Мама любила фотографировать нас  и любила фотографироваться с нами. Но, к сожалению, до этих дней уцелели лишь некоторые. На фотографиях от 49 до 53 годов даты стоят очень и очень приблизительные. Так, фотография, на которой я стою в «военном» костюме с разными по длине рукавами, датирована 1950 годом. И хотя в верности этой даты я несколько сомневаюсь, ориентируясь на неё, мы переехали на Первомайскую улицу в 1948;1950 году.
В нашей семье отмечались многие еврейские праздники. Мама с бабушкой между собой, в основном, говорили на идиш.  Мы с Мусей всё понимали, но говорили очень плохо. Бабушка в день поста всегда постилась - ничего не кушала. Мама же очень много работала, потому не могла не кушать. Каждый раз с утра она намеревалась поститься, но к вечеру всё-таки кушала. Мацы мама напекала целую гору. Потом всю неделю мы её кушали, особенно мы любили разные блюда из мацы. В семье у нас всегда присутствовал дух еврейской жизни. Здесь, мама всегда чувствовала себя ущемлённой. Её передразнивали, или просто называли жидовкой. А ей хотелось не стесняться своего языка, еврейских имён, обычаев. Ей хотелось быть самой собой – быть еврейкой. Это её угнетало. Она часто говорила о том, что хотела бы уехать в Израиль. Мы не ощущали всего этого и были безразличны к её проблемам.
Однажды мама принесла патефон и несколько еврейских пластинок. Для бабушки Хаи это вообще была диковина. Она подходила к нему, весь ощупывала, пожимала плечами и садилась обратно на своё место. Потом спрашивала нас, как певцы туда заходят, когда он такой маленький. Радио, её интересовало в том же плане. Мы долго ей объясняли, что никаких людей ни в патефоне, ни в радио - нет. Осмыслить этого она не могла. А мама, приходя вечером домой, ставила пластинку, и мы все слушали еврейские песни.
Иногда эти песни приводили маму и бабушку в уныние. Прослушав их, они задумчиво молчали, очевидно, вспоминая о Руве и Шае. Наслушавшись, мама, бывало, в очередной раз писала во всесоюзный розыск. Мы надеялись, что, может быть, кто-то из них жив. Но каждый раз приходил один и тот же ответ.

Где они, наши мужчины? Мама выставляла их фотографии на видном месте. Так было приятней, что они присутствуют с нами и больнее – от того, что их нет.

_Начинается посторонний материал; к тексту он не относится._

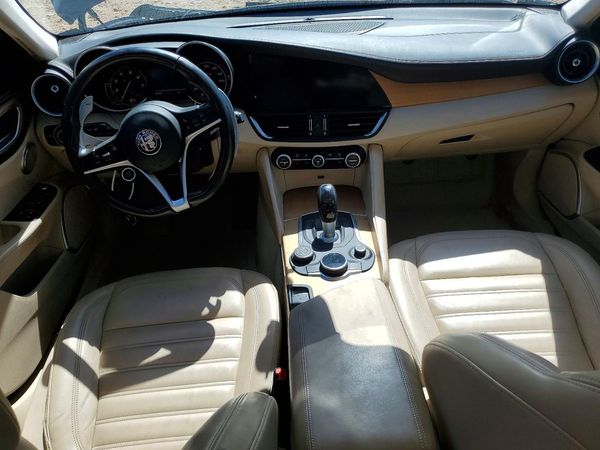 2017 ALFA ROMEO GIULIA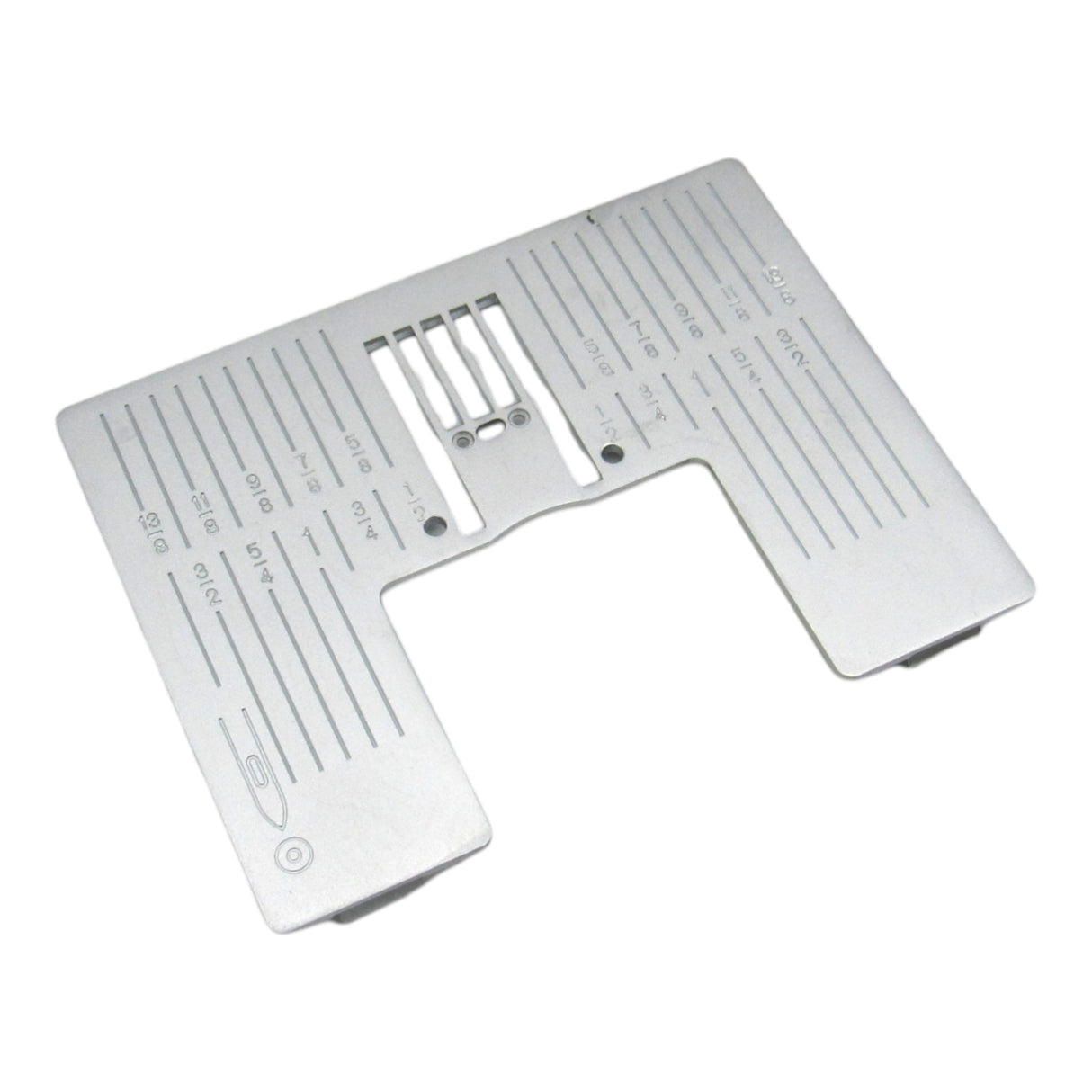 Straight Stitch Needle Plate for Pfaff - 68003080 - Central Michigan Sewing Supplies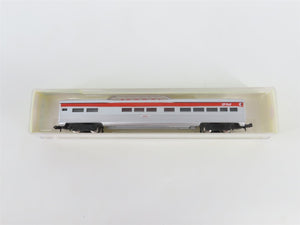 N Scale Model Power 3056 CP Rail Vista Dome Passenger Car #5082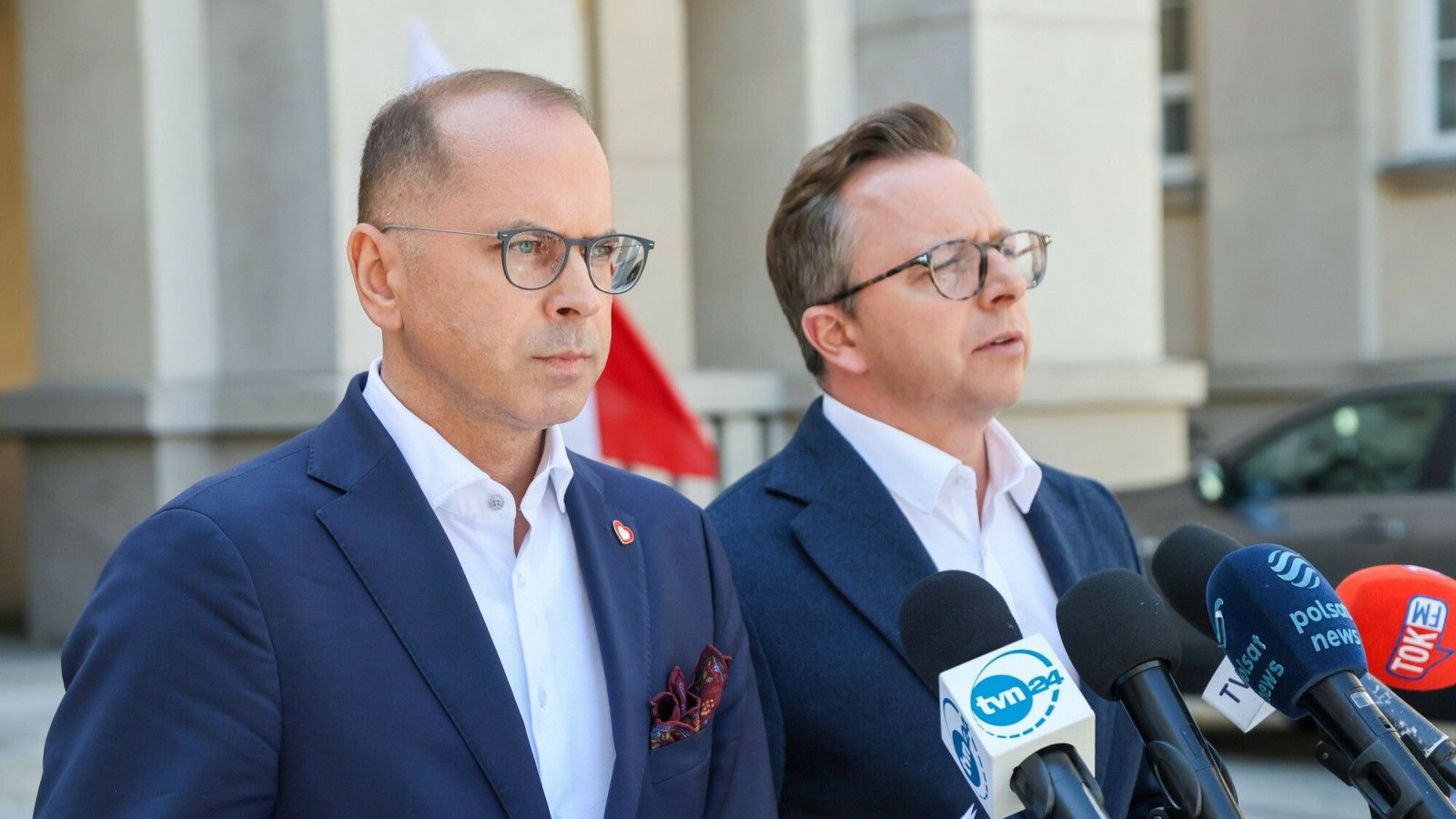 Michał Szczerba ostro o „ucieczce” Ziobry. „To przyznanie się do winy”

Вечерами соседи выходили во двор, обсуждая все важнейшие  события минувшего дня. Бывало, они засиживались допоздна. Мама редко присаживалась к ним. Она приходила поздно с работы и часто очень уставшая. Но мы с Мусей и соседом Витькой крутились между ними. Изредка и бабушка Хая выходила во двор. Она сидела молча и слушала, попутно ощупывая пальцами свои закрытые веками глаза. Правый глаз уменьшался, и она теряла надежду снова вернуть  себе зрение.